* _GIVEN INFORMATION_
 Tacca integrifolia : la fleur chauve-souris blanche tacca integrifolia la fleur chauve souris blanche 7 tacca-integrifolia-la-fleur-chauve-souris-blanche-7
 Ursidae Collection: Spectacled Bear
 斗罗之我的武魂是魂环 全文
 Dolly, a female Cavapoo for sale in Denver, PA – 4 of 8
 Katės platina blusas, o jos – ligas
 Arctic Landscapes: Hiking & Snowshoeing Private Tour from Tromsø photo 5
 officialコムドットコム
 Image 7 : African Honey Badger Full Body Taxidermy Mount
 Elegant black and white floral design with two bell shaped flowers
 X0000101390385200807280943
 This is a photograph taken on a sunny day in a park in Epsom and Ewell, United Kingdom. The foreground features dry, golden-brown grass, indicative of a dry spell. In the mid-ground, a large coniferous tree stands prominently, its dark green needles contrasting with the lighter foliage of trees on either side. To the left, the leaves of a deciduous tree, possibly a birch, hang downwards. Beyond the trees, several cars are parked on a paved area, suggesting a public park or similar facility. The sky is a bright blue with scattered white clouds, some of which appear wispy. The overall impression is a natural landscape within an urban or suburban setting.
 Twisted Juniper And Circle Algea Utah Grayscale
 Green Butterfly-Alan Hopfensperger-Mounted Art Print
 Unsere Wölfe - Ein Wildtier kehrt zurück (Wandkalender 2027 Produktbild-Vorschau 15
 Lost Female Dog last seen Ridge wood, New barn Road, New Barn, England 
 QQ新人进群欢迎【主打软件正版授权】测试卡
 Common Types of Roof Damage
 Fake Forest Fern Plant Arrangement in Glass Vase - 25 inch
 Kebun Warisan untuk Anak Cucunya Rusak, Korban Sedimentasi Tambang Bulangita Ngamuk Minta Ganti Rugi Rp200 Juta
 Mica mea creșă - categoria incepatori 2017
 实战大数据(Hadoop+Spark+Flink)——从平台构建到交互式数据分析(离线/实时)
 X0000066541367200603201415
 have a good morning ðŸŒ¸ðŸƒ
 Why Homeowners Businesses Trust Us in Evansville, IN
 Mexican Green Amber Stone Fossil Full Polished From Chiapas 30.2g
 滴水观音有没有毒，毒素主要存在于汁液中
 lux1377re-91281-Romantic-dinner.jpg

* _ACTIVITY_
Everything from the line with "Mexican Green Amber" through the last line of the data is to be retyped verbatim, with no other text.

* _ANSWER TO THIS PROBLEM_
 Mexican Green Amber Stone Fossil Full Polished From Chiapas 30.2g
 滴水观音有没有毒，毒素主要存在于汁液中
 lux1377re-91281-Romantic-dinner.jpg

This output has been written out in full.